## What needs to be done
Reproduce every line of the material below exactly. No pictures belong in the copy.
═════ Source material ═════
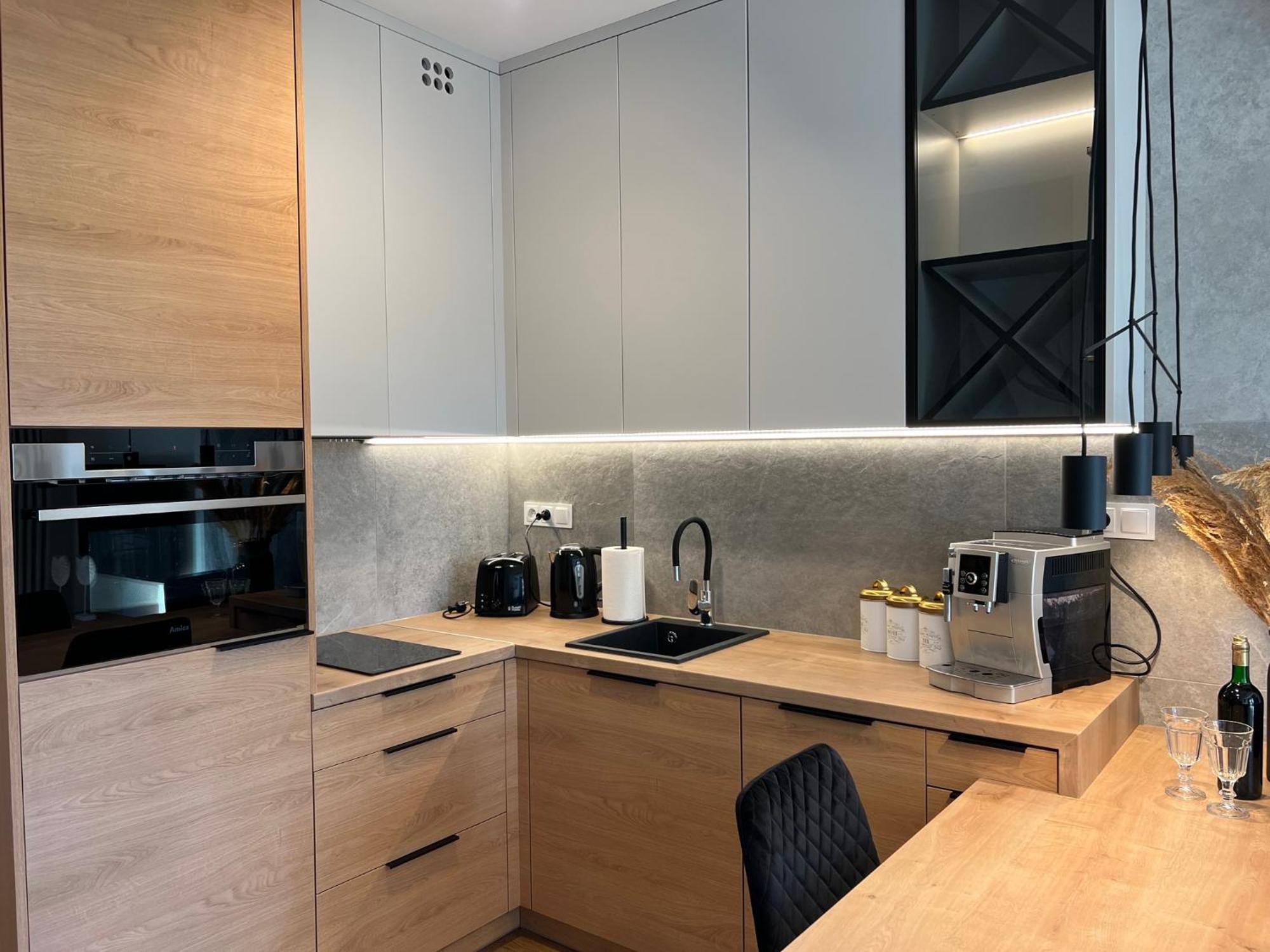 Family & Business Elegant Apartments Ul Lotnicza Centrum Galeria Korona - 1 Bedroom, Terrace, Air Conditioning, Garage - New! Kielce Bagian luar foto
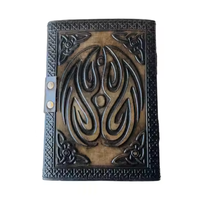 Carnet en cuir fait main Arbre d'horreur, Grimoire en cuir gaufré au fusain, Livre à fermeture en laiton, Journal des ombres, Carnet gothique en papier à bords frangés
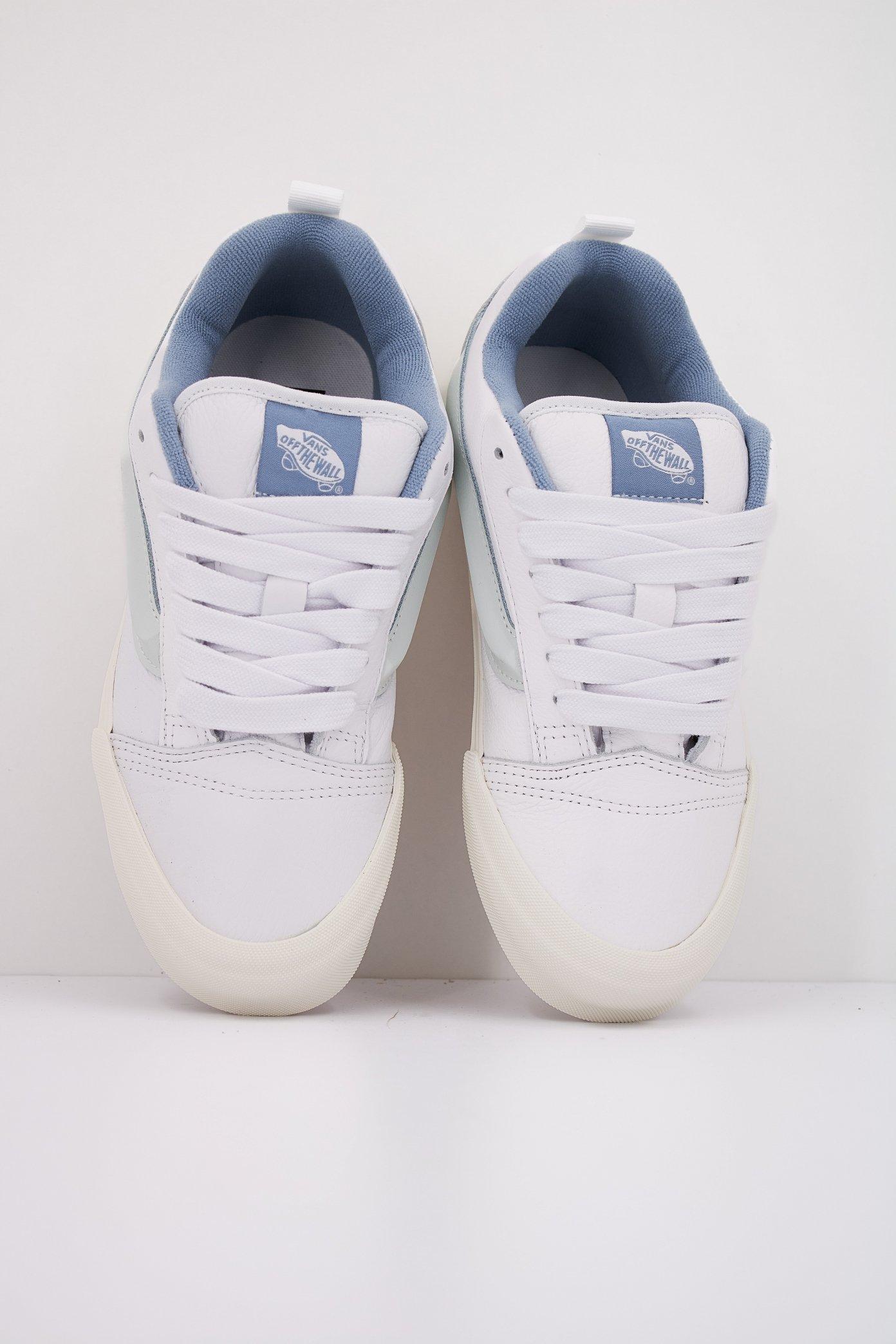 VANS  KNU SKOOL PREMIUM L en color DSTBLU  (3)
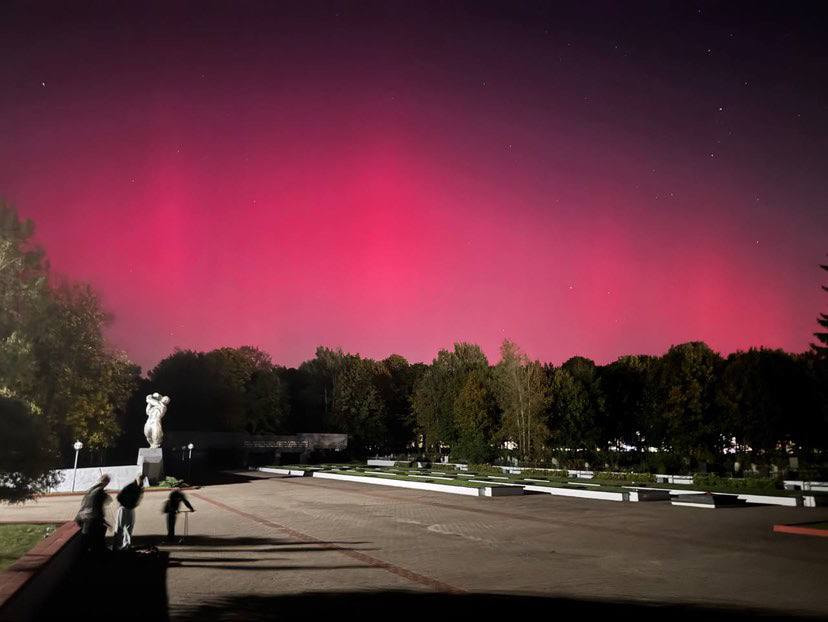 Слуцк северное сияние.jpg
═════
## Task result
 Family & Business Elegant Apartments Ul Lotnicza Centrum Galeria Korona - 1 Bedroom, Terrace, Air Conditioning, Garage - New! Kielce Bagian luar foto
 Carnet en cuir fait main Arbre d'horreur, Grimoire en cuir gaufré au fusain, Livre à fermeture en laiton, Journal des ombres, Carnet gothique en papier à bords frangés
 VANS  KNU SKOOL PREMIUM L en color DSTBLU  (3)
 Слуцк северное сияние.jpg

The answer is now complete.